Pourquoi ? La réponse est que les êtres humains ne s'adaptent pas mieux que les bois et les forêts à l'argent-roi. L'argent, ici encore, est en train de tout pourrir et de tout détruire. La forêt est fille du temps long ; or elle est actuellement sous la dictature du temps dominant, celui des cycles courts du capital financier.
La recherche de la rentabilité impose une technique aberrante : on plante sur des hectares entiers, en plaine ou en montagne, des résineux, tous de la même espèce et, trente ans plus tard, on coupe à ras. La première conséquence de ce productivisme forestier est une incroyable perte de biodiversité : sols acidifiés, paysages uniformisés, voilà le bilan. Désormais, plus de la moitié des forêts françaises sont composées d'une seule essence. Et, bien sûr, ce sont des écosystèmes entiers, variés et endémiques, qui sont détruits.
La France est une grande nation forestière. Les forêts recouvrent le tiers de notre territoire. C'est donc un bon sujet pour qui s'intéresse à l'avenir du pays. Ma collègue et co-présidente de notre groupe Mathilde Panot a lancé une commission d'enquête citoyenne sur le sujet : on visite les forêts en tous lieux du pays, on rencontre tous ceux qui, par leurs luttes et leur travail savent ce qu'il conviendrait de faire dans ce domaine. Ils savent. Nous savons quoi faire.
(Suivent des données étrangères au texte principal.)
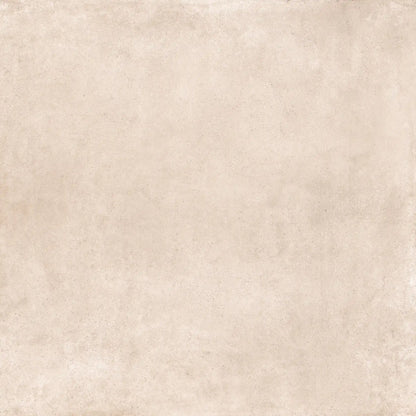 Beige concrete-effect porcelain tile, Continental Sand 1.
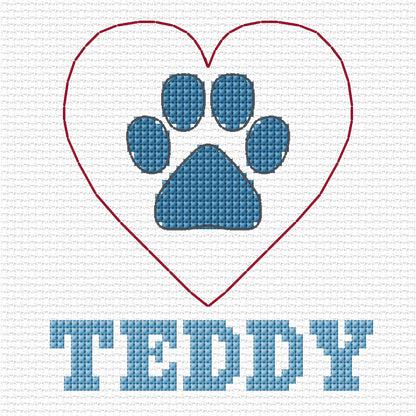 Anchor Embroidery Fur Baby Pink Paw Print Embroidery Accessory made in Anchor Embroidery Floss Spools yarn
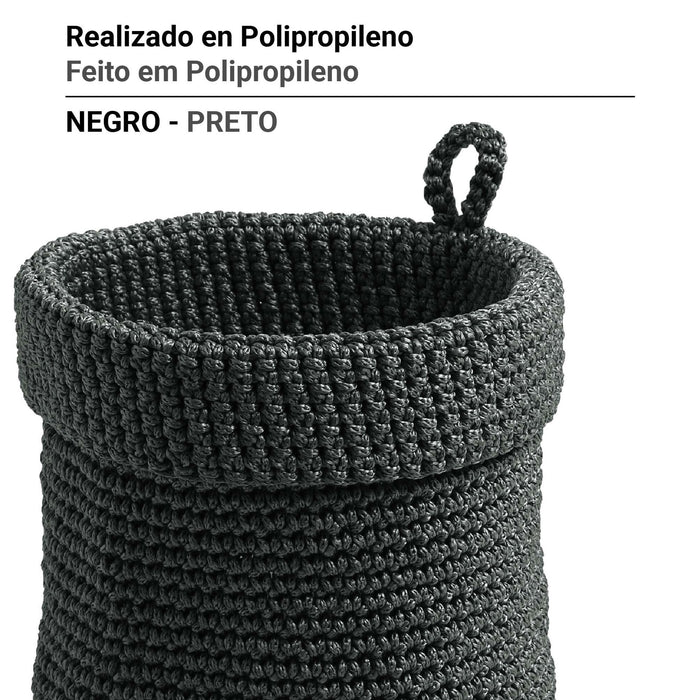 GEDY 10021400300 MALVA Organizador Negro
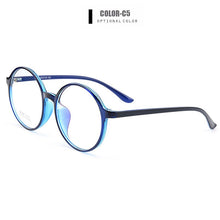 Load image into Gallery viewer, Gmei Optical Urltra-Light TR90 Round Full Rim Men&#39;s Optical Eyeglasses Frames Women&#39;s Plastic Myopia Eyewear 6 Colors M5087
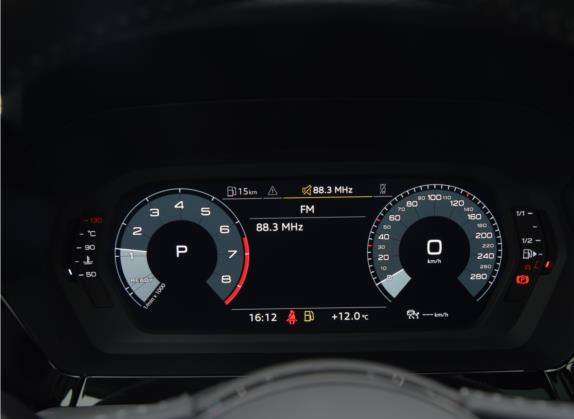 奥迪A3 2022款 A3L Limousine 35 TFSI 时尚运动型 中控类   仪表盘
Une nouvelle sylviculture est à inventer : celle de la gestion durable des forêts, de la diversité des essences, des paysages de feuillus, des machines adaptées, du temps long et des circuits courts. Nous ne pourrons atteindre ces objectifs qu'à la condition d'affirmer le rôle de l'État, qui a toujours été déterminant dans la gestion de la forêt française. Qui va en forêt de la Joux pourra y voir les sapins plantés par Colbert, il y a trois siècles, pour la marine nationale. Ce n'est pas d'aujourd'hui que, sans l'organisateur suprême, rien ne va. Il faut donc reconstruire l'Office national des forêts, détruit après trente ans de saccage néolibéral.